■ **Required work**:
What you produce should be the lines from the line containing "Halloween Womens Pullover" through the last line below, both ends included, reproduced exactly and without pictures.
↓
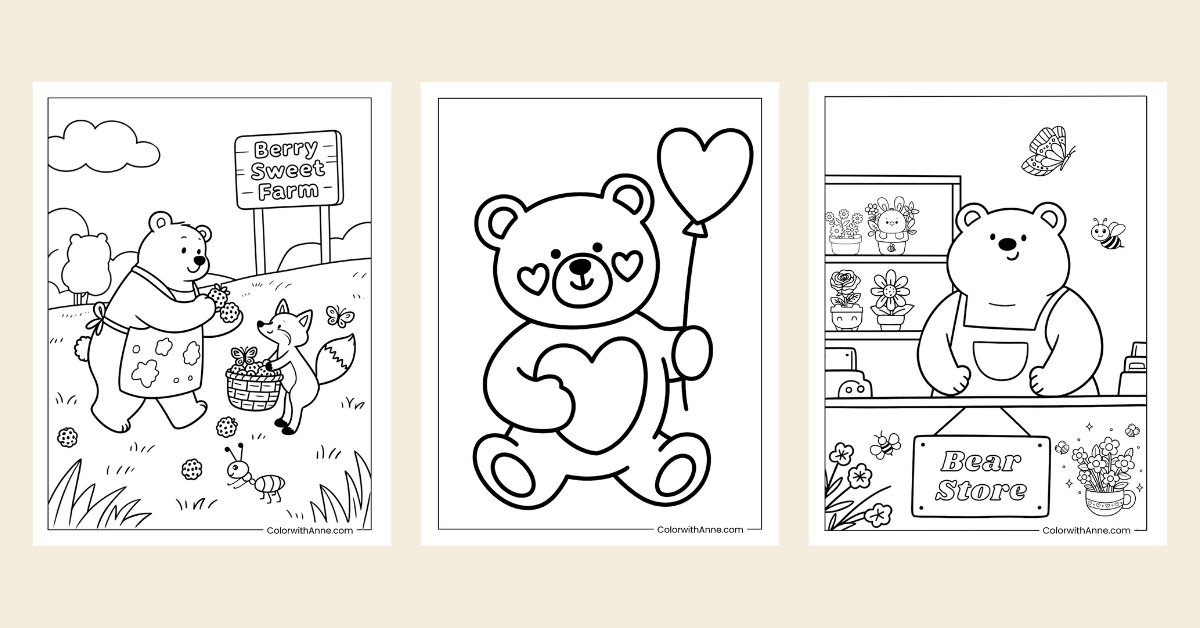 Bear Coloring Pages Banner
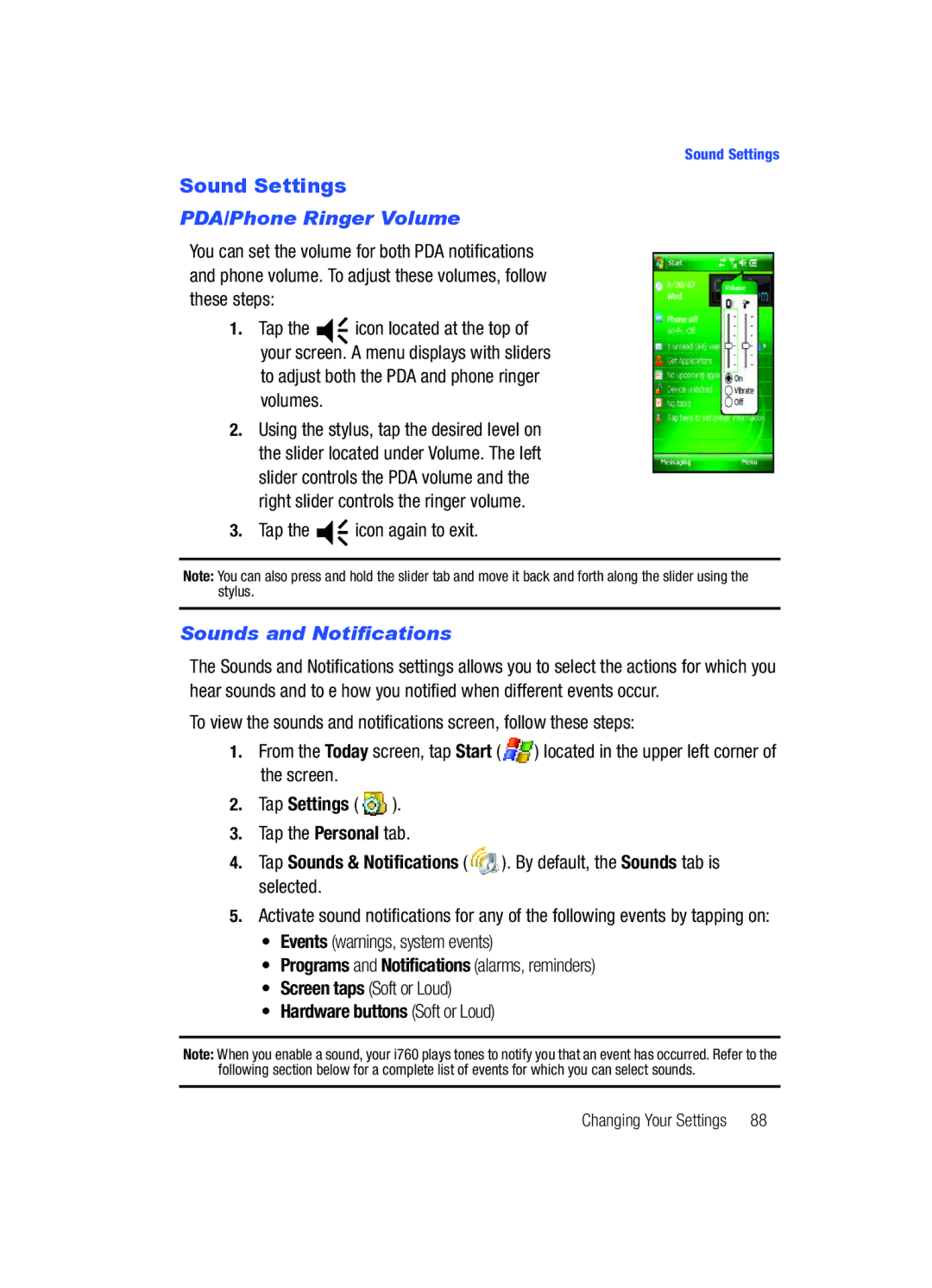 Samsung SCH-i760 Sound Settings, PDA/Phone Ringer Volume, Sounds and Notifications, Hardware buttons Soft or Loud 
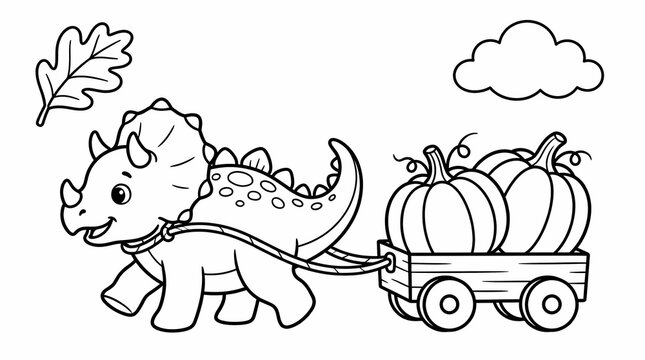 Cute triceratops pulling a pumpkin wagon for an autumn coloring page.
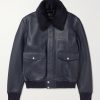 Shearling-Trimmed Full-Grain Leather Blouson Jacket Shearling-Trimmed Full-Grain Leather Blouson Jacket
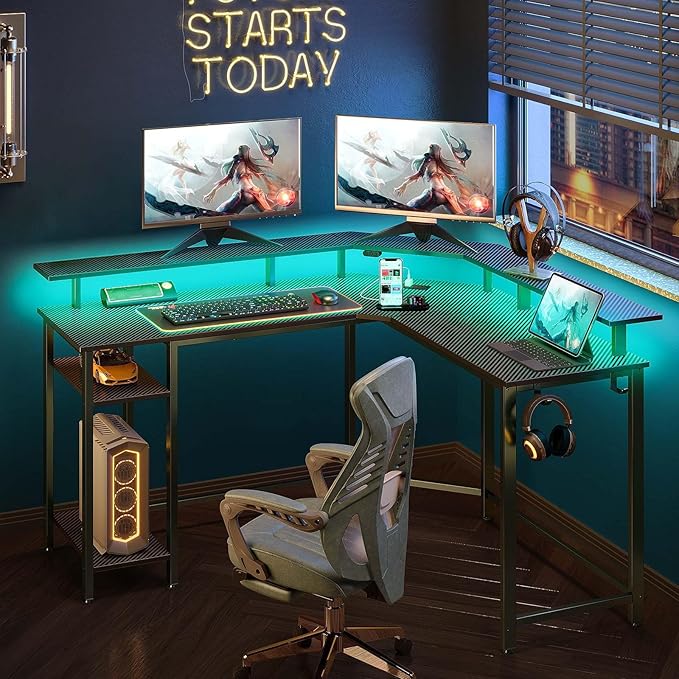 Rolanstar L Shaped Gaming Desk with LED Lights & Power Outlets, 46.2" Computer Desk with Full Monitor Stand & Storage Shelf, Corner Desk with Hooks, Carbon Fiber Desk Reversible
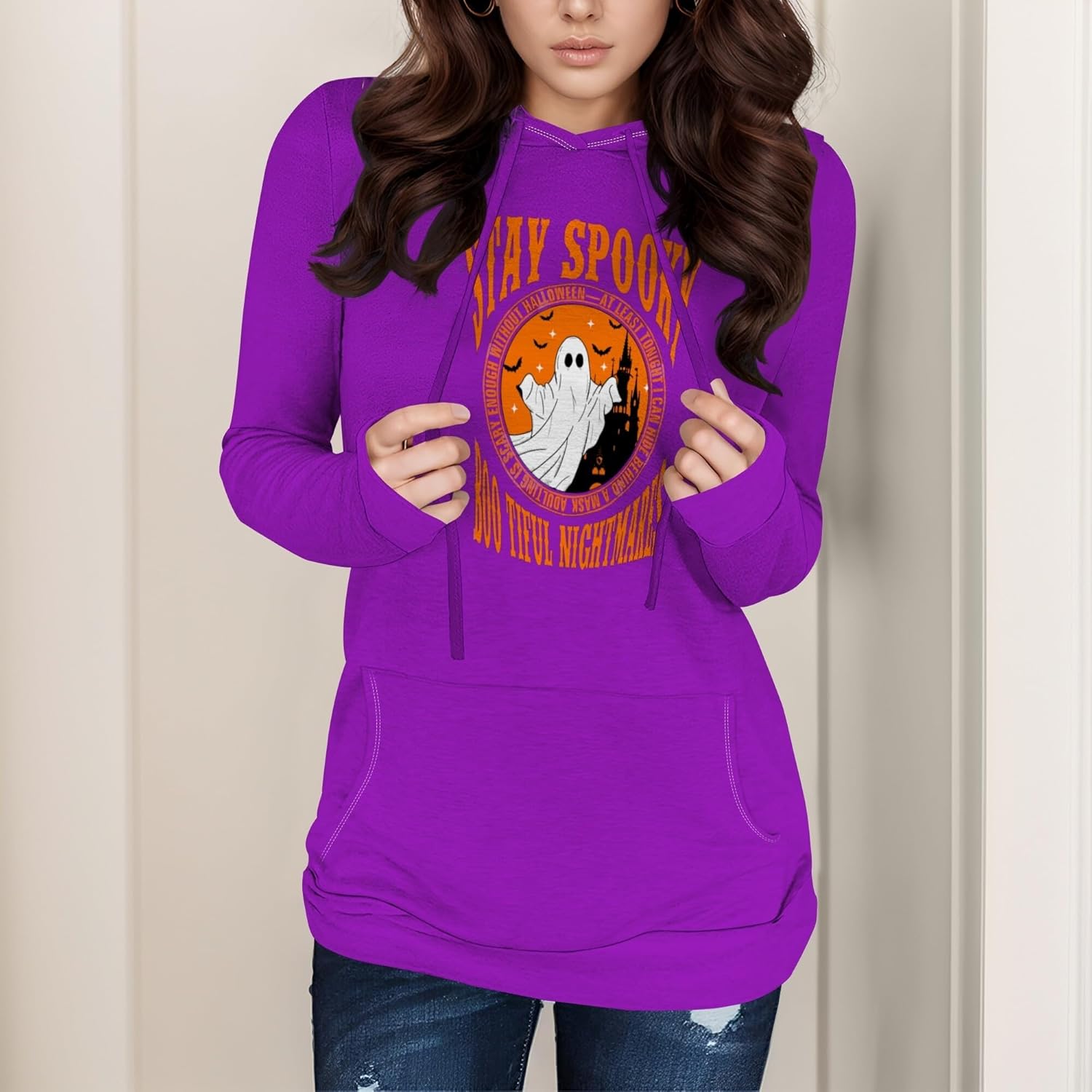 Halloween Womens Pullover Sweatshirts Trendy Drawstring Fall Sweatshirt Halloween Best Gift For Wife And Daughter - Image 2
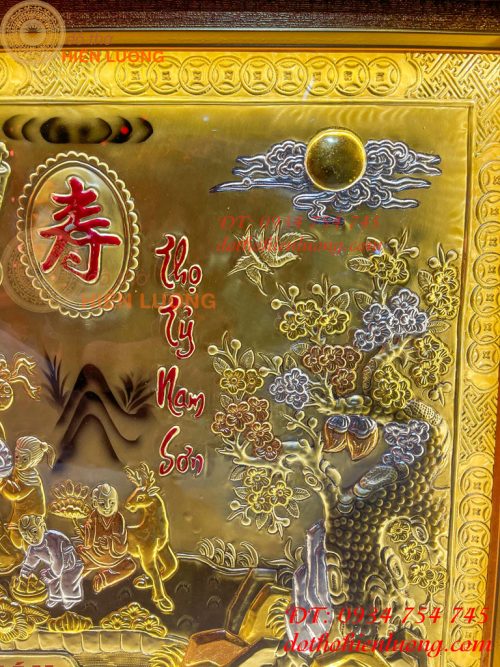 Tranh Mừng Thọ Song Thọ 74x114cm Bằng Đồng Liền Tấm Tam Khí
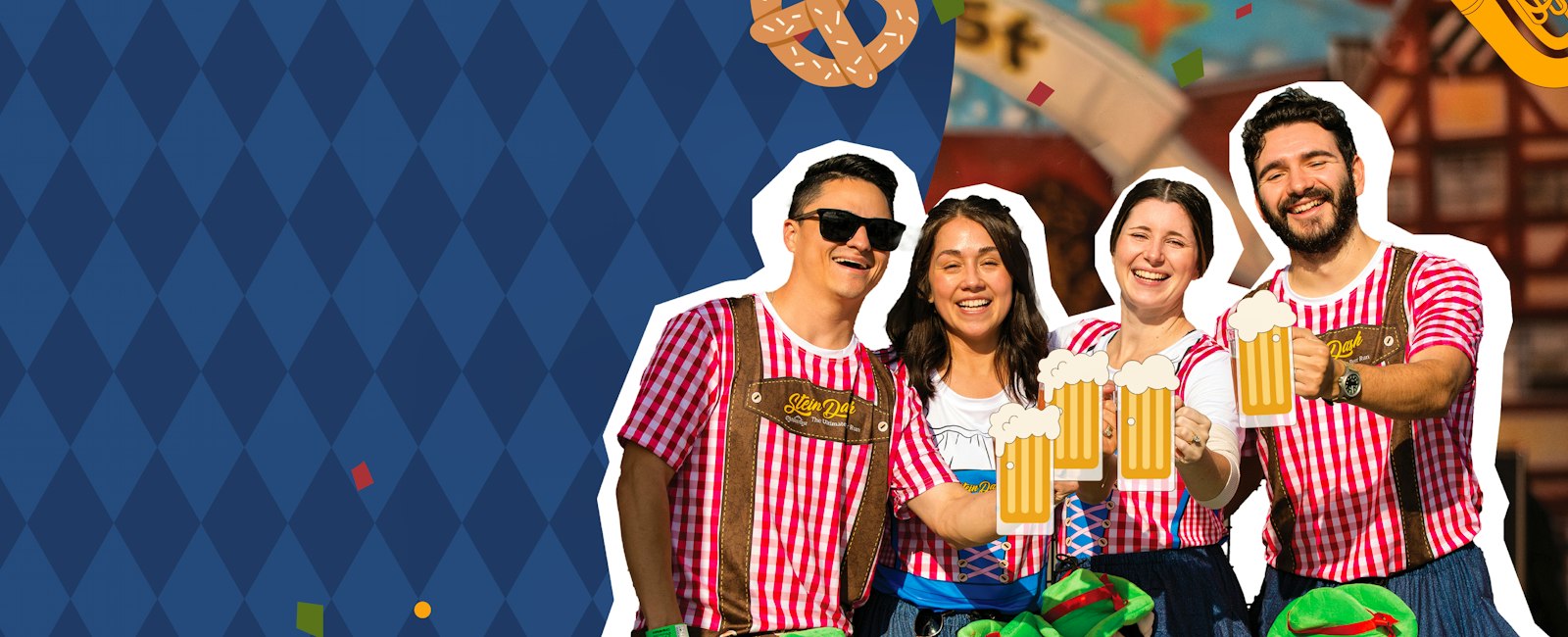 Four friends in matching red gingham outfits with lederhosen hold up animated beers.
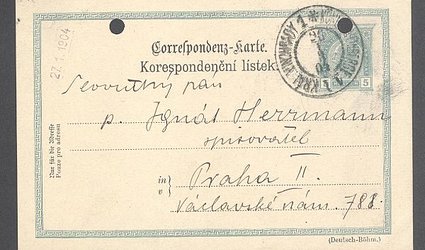Korespondenční lístek Ignátu Herrmannovi.
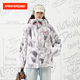 SprayGround不规则花纹毛毛棉服外套秋冬鲨鱼嘴男女情侣迷彩棉服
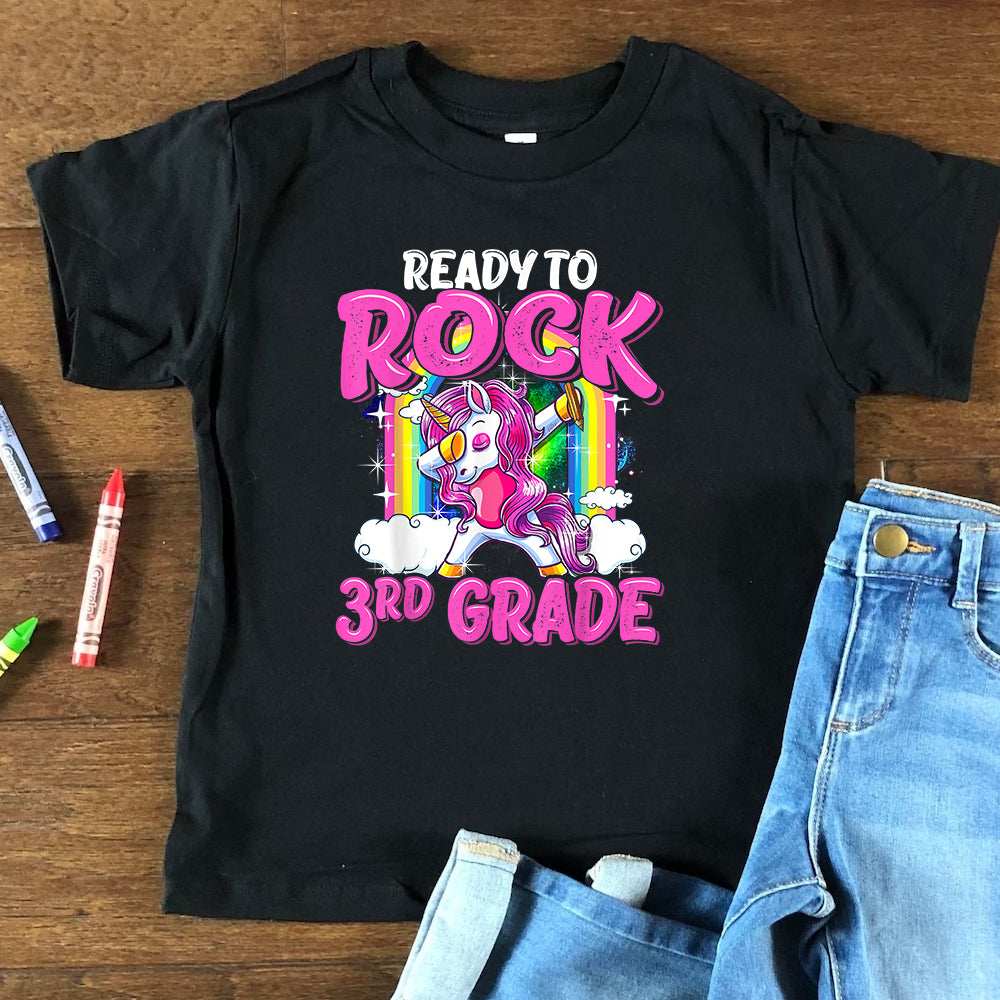 Ready to Rock 3rd Grade Unicorn Dab DTF Transfer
↑
■ **Task solution**:
 Halloween Womens Pullover Sweatshirts Trendy Drawstring Fall Sweatshirt Halloween Best Gift For Wife And Daughter - Image 2
 Tranh Mừng Thọ Song Thọ 74x114cm Bằng Đồng Liền Tấm Tam Khí
 Four friends in matching red gingham outfits with lederhosen hold up animated beers.
Korespondenční lístek Ignátu Herrmannovi.
 SprayGround不规则花纹毛毛棉服外套秋冬鲨鱼嘴男女情侣迷彩棉服
 Ready to Rock 3rd Grade Unicorn Dab DTF Transfer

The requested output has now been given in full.